To be fair I don't think this research is as bad as people are making out. It does not need to factor in the food eaten by motorists as it only studies the extra calories required to power the bike. Obviously the environmental impact of manufacture is not included but overall the findings seem reasonable. There are of course many other benefits to cycling in terms of mental and physical health, reduction in particulate pollution and reduction in harm caused by accidents but for those of us who cycle for environmental reasons I think it gives us a lot to think about in terms of diet choices.

I think the study is very suspect. Why concentrate on a Paleo diet rather than looking at typical cyclists' diets vs typical motons' diets?

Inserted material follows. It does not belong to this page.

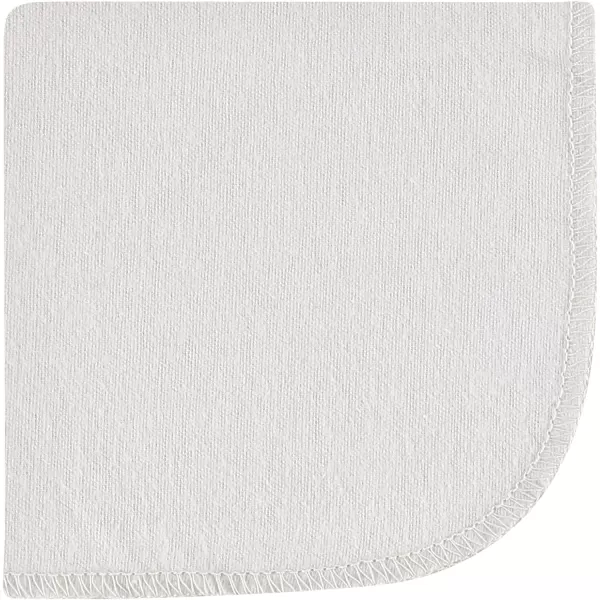 Hudson Baby Unisex Baby Flannel Washcloths, Eucalyptus 10Pk, One Size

I'd suspect that on average cyclists are fitter/healthier than car drivers. This would most likely affect their diet choices (e.g. the car driver rolling round to the drive-in McBurger and the cyclist munching on organic artisanal carrot sticks) but would also affect their resting heart rate. This could easily skew the results the other way as the moton is performing heavy mouth breathing all day long whereas the cyclist just merely sips at the air in the most efficient method possible. (This is similar to the effect where, by raising your heart rate through exercise, you tend to reduce your average heart rate throughout the whole day).

I'm also concerned about the missing external costs. The infrastructure required by cars is considerably more time and labour intensive than that required by bikes. If the roads are designed purely for bikes, then we wouldn't need traffic lights running all day long or speed cameras. Also repair costs would be less, but that's probably not too relevant is it's only really the heavy vehicles (buses, trucks) that cause significant damage to the roads.

I wonder what the CO2 comparison would look like if they factored in the extra health care required for the burger munching motons?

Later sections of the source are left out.